Also how was Sot-Weed Factor? I've never read any Barth either

>> No.5597533

>>5597475
It's interesting. Breton personifies surrealism and shows were it succeeds and fails. like how annoying Nadja is when she becomes a try-hard painter If you like surrealism, you should definitely read it.

>> No.5597548

>>5597471
My my, if this isn't is Sebastian.

>> No.5597554

>>5597533
>If you like surrealism, you should definitely read it.
Well thats another book added to the to-read list

>> No.5597564

>>5597518

I have read his New Sun, Long Sun, Cerebus and that Castle of Days Collection. New Sun is where you should start out of those books, Long Sun is a vague continuation and Castle of Days contains 3 books: a collection of short storys, a collection of essays about his new sun books and a collection of essays about the general sci-fi/con scene.

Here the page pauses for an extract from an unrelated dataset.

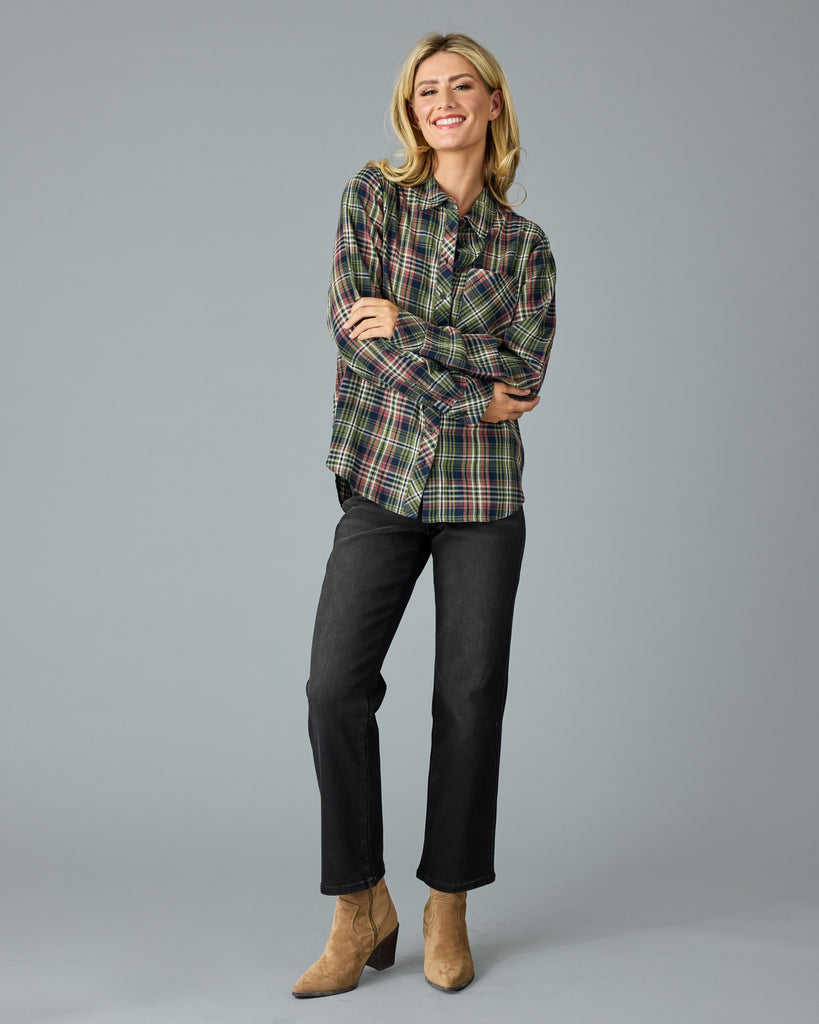 Woman in a green and pink plaid long sleeve buttondown top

The Sot-Weed Factor is a funny adventure story, you basically have your a bit naive and too good-hearted protagonist who is surrounded by various tricksters, whores, government officials, pirates, indians, slaves and other mischievous folks and he rolls along and makes the best of it.

>> No.5597572

>>5597246
Man The Dead from Dubliners is one of my favorite short stories of all time.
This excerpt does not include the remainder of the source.